Deve ter relação com um passado adolescente ávido por ciências ocultas, Umbanda, Wicca e Cabala. A esse respeito, em um passeio por Benjamin e Kafka, Agamben fala sobre magia e felicidade. Citando o autor de O Processo, aponta uma das concepções da magia cuja essência, longe de criar, estaria mais em chamar. Diz, então, Agamben, meu convidado do texto:
Tal definição está de acordo com a antiga tradição que cabalistas e necromantes seguiram escrupulosamente em todos os tempos, segundo a qual a magia é, essencialmente, uma ciência dos nomes secretos. Cada coisa, cada ser, tem, além de seu nome manifesto, um nome escondido, ao qual não pode deixar de responder. Ser mago significa conhecer e evocar esse arquinome. Disso nascem as intermináveis listas de nomes – diabólicos ou angélicos – com as quais o necromante garante para si o domínio sobre potências espirituais. O nome secreto é para ele apenas a sigla de seu poder de vida e de morte sobre a criatura que o traz[1].

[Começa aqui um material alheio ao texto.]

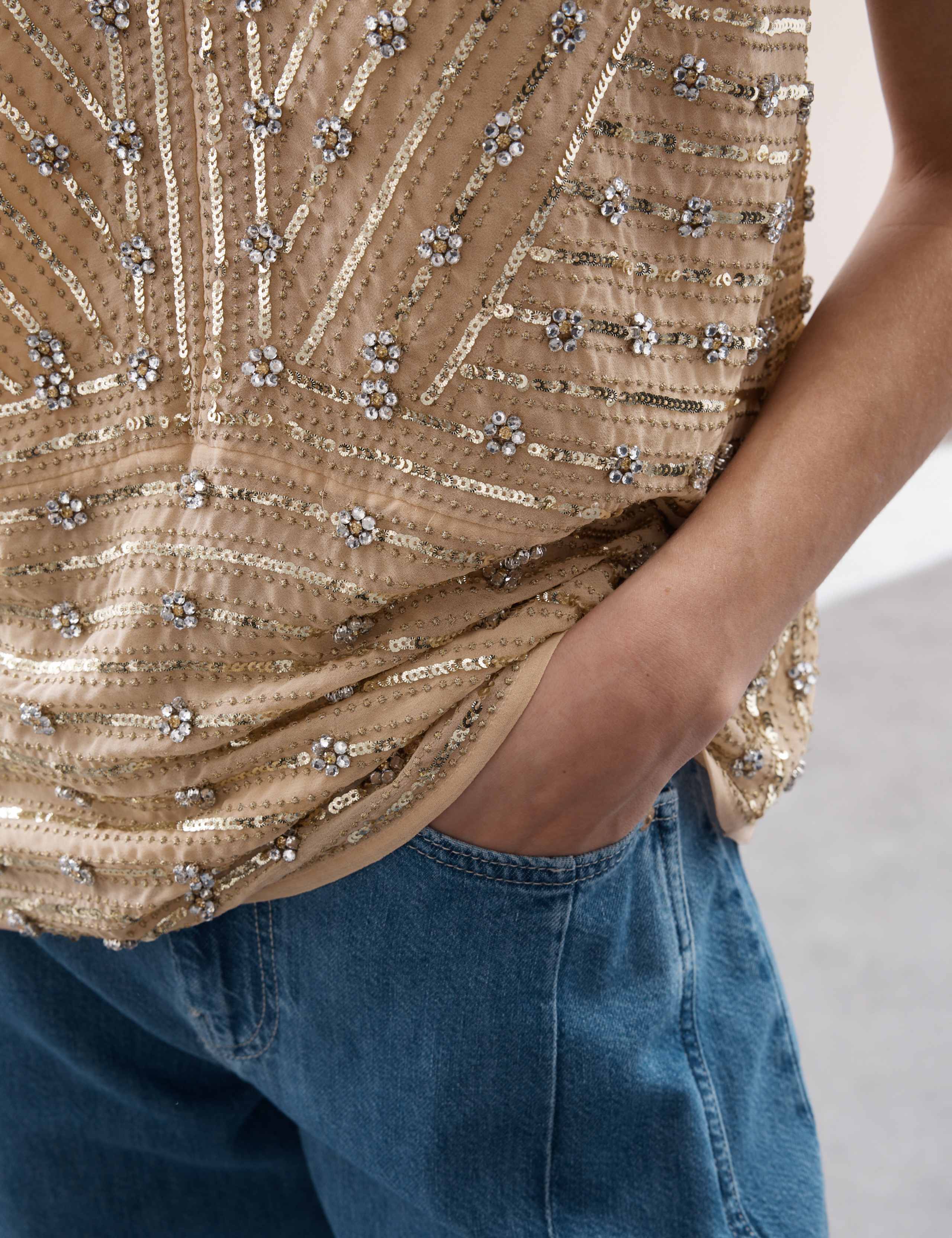 Floral Embellished Cami Top 6 of 7
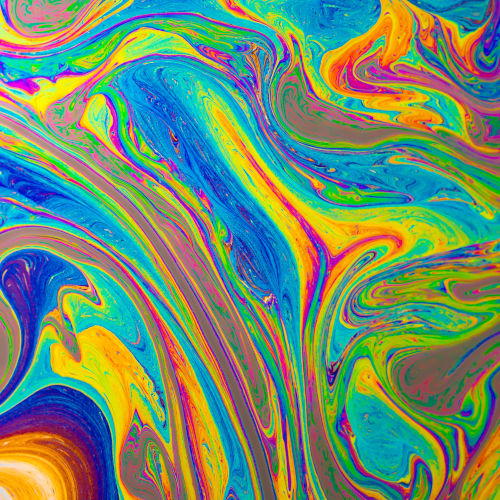 Abstract vivid multicoloured swirl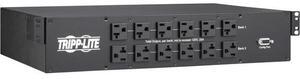 Tripp Lite PDUMNH30AT2 25-Outlets PDU Monitored - NEMA L5-30P - 24 x NEMA 5-15/20R, 1 x NEMA L5-30R - 120 V AC - Network (RJ-45) - 2U - Horizontal - Wall-mountable, Rack-mountable - TAA Compliant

Me detive nesta passagem porque ela me pareceu extremamente acorde às mistificações de nosso tempo e seus enlaces com a necropolítica[2], aquele conceito desenvolvido pelo pulsante pensador camaronês Achille Mbembe. Há decisão e projeto nas mãos dos poderosos que administram a vida e a morte. Os mesmos burocratas que entopem as massas de tecnicismos anglicistas. Os mesmos que nos fazem crer que política é uma coisa “lá longe”, em Brasília, coisa de engravatados, de colarinhos brancos, os tais iniciados. Os mesmos que deixam as suas palavras secretas e codificadas para que pensemos que elas não têm nada a ver com a nossa vida. Os mesmos que fazem com que pensemos que não temos o direito de saber o que são commodities, por exemplo. E assim nos fazem nunca ligar os pontos: a exacerbação e consumo desenfreado de certas commodities com desastres ambientais, como o do último maio no Rio Grande do Sul.

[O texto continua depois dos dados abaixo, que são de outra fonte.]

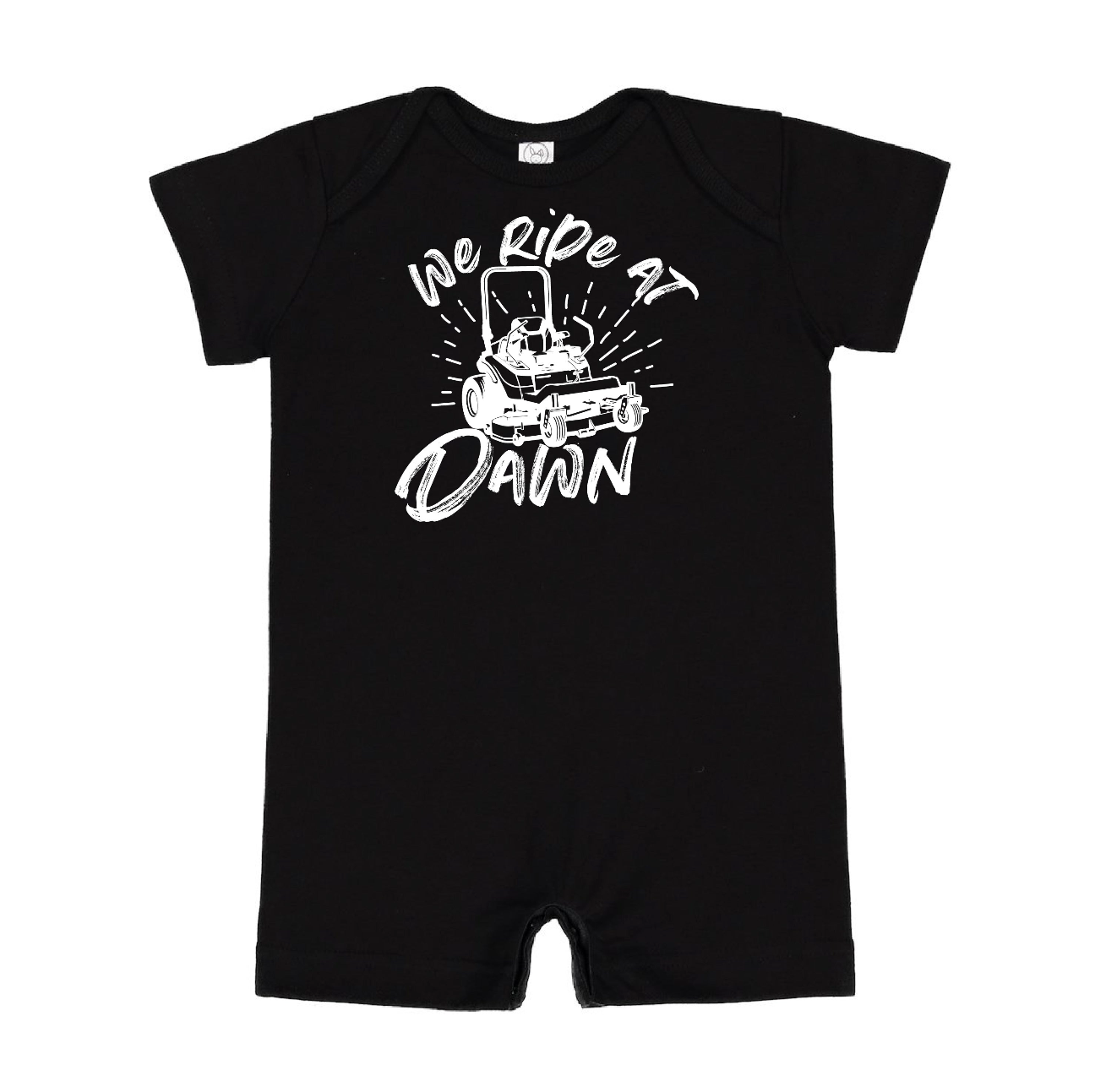 We Ride at Dawn - (Choose Your Mower) - Shorts Romper Little Mama Shirt Shop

Ainda a propósito de palavras, a drag queen Rita Von Hunt há alguns dias desmistificou em vídeo a palavra tragédia ao comentar sobre o evento climático extremo vivido no Sul do país. Entre tantos pontos que levanta, em uma leitura articulada e dinâmica do Estado brasileiro, Rita mostra como “o fim do mundo pode ser um ótimo momento para fazer negócios”.

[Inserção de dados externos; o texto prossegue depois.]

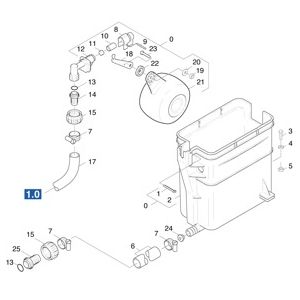 Поплавковый ящик | Аппарат высокого давления HDS 1000 De (1.811-938.0) Karcher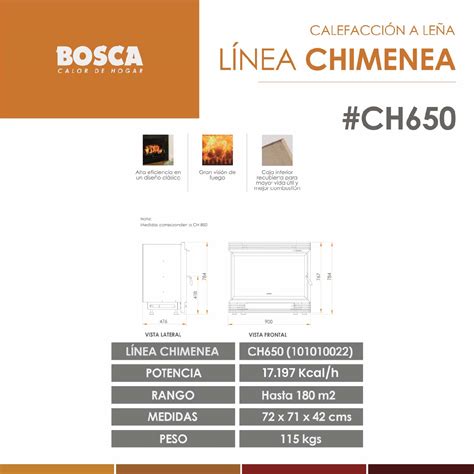 Categorías de productos Chimeneas Bosca calor de hogar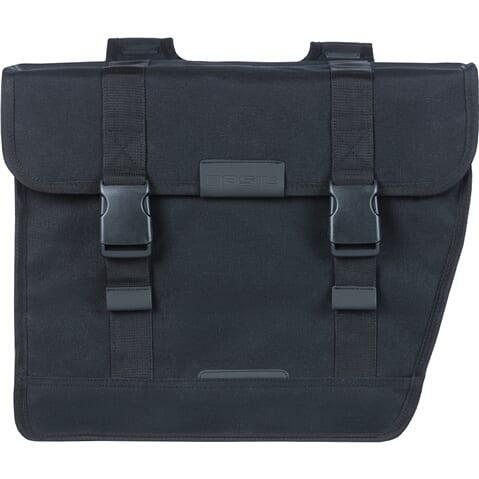 Basil Kavan Eco Classic Routed - Double Bicycle Bag - 46 litres - noir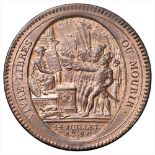 FRANCIA Medaglia 1792 MEDAILLE DE CONFIANCE DE CINQ-SOLS – Opus: Dupre – AE (g 27,39 – 40 mm)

A partir daí podemos entender que há uma gestão do desastre em curso. Os governos neoliberais do estado do Rio Grande do Sul e da Prefeitura de Porto Alegre, apesar de eleitos, não representam o anseio de bem-estar do povo. Representam, sim, interesses daqueles que podem lucrar política e/ou economicamente. Deixando as Universidades de fora, o prefeito Sebastião Melo inclui uma consultoria – travestida de benesse – com a Alvarez e Marsal. A empresa teve uma atuação controversa no desastre do furacão Katrina, em Nova Orleans, movida a privatizações, gentrificação de populações já vulneráveis e demissões em massa.
É o abracadabra macabro de um neoliberalismo que desvela a palavra fascista em suas ações, que não hesita em limpar a própria barra, fazendo do desastre um mercado emergente. Em palavras mais simples, sem voltas e segredos, é ganância acima de tudo.
[1] Agamben, Giorgio. Profanações. São Paulo: Boitempo, 2007.
[2] Mbembe, Achille. Necropolítica: Biopoder, soberania, estado de exceção, política de morte. São Paulo: N-1 Edições, 2018.